Destroying Porn: This One's for the Guys
/**Note: While this post is intended to educate, challenge, and inform, it is of a particular graphic nature. Please read at your own risk.**
Photo by Jay Wennington
Lets take the gloves off; porn is ubiquitous.
As technology progresses, so has the consumption of pornography. As a result, porn usage has ruined families, marriages, businesses, churches, and many, many young lives.
There no shortage of stats on porn usage, but in case you missed some, here's a few worth noting:
- Nearly 9 out of 10 (87%) young men and 1 out of 3 (31%) young women report using pornography.
- Porn and internet sex shows are markets and proving grounds for victims (of sex trafficking).
- Nearly 30% of the internet REALLY is porn.
- “Teen” was the most popular porn-related search term in both 2013 and 2014.
According to a Barna Group study conducted in 2014:
- 64% of Christian men and 15% of Christian women say they watch porn at least once a month.
- 55% of married men say they watch porn at least once a month, compared to 70% of unmarried men.
First of all, before the world has a porn problem, it has a sin problem.
Porn, like any sin, wants to destroy you.
Sin, in the simplest terms, is death packaged to look like pleasure. Sin is rubbish wrapped in a pretty package. It's a proper turd covered in confectioner's sugar. It does not want to coddle, it wants to kill you.
For the briefest moment, it is pleasing, until it becomes overbearing and all consuming. Once the pleasure fades, it drives you to a place of shame and emptiness. Like the Siren's Song, it means to woo you and then bury you - the vice you fall victim to, becoming the very thing you both hate and desire.
This is the price of worldly pleasure and the cycle of sin.
This is the cycle of porn.
But porn, unlike other addictive behaviors, has a bonding mechanism associated with it which is similar to what God intended for men and women to enjoy in the act of making love. In making love, there's a deep longing and passion that should exist between a man and a woman. Sex elicits a connection that is physical, emotional, and even psychological. By design, the act of love making is meant to bond a couple together not temporarily or in fleeting moments of "recreation," but for a lifetime. This yearning and connection is valuable to the family structure, not just for a husband and wife, but also for children. Its a bonding intended to create the kind of unity that helps hold a family together.
Thus, when misused, this passion, which is meant to celebrate love, actually destroys it.
Whether with the use of a computer, mobile device, magazine, or video, this practice meant to give love, turns in to self love. Sex then, becomes less about celebration and more about recreation. People are not so much united in the process, as they are used and objectified to gratify one's libido.

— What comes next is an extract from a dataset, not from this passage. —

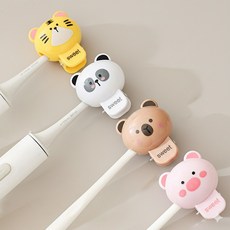 캐릭터 칫솔캡 위생보관 4개세트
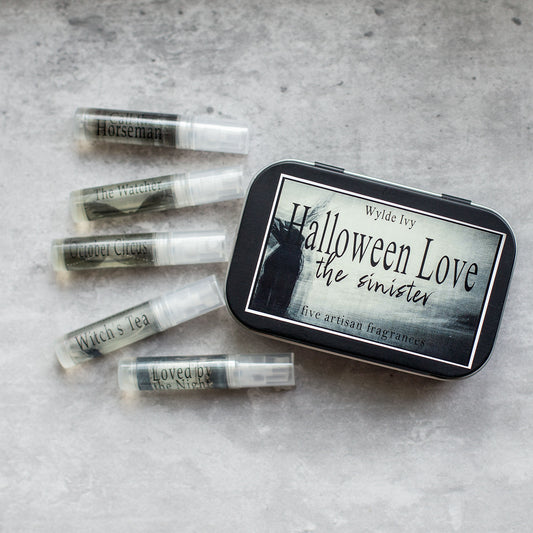 Halloween Love "The Sinister" Collection Perfume Sampler Gift Set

“But he who is joined to the Lord is one spirit with Him. Flee sexual immorality. Every sin that a man does is outside the body, but he who commits sexual immorality sins against his own body. Or do you not know that your body is the temple of the Holy Spirit who is in you, whom you have from God, and you are not your own?”
And the more this process happens, the more it carves neural pathways into the brain as a "shortcut" to pleasure.
Consider this practice in the case of young men, whose frontal lobes (the decision making part of the brain) aren't even fully developed until their mid-20's. Combine the accessibility of porn with the science of addictive behavior...add in the privacy of its practice with the cultural acceptance of self love and what you've got is the perfect case for lifelong addiction.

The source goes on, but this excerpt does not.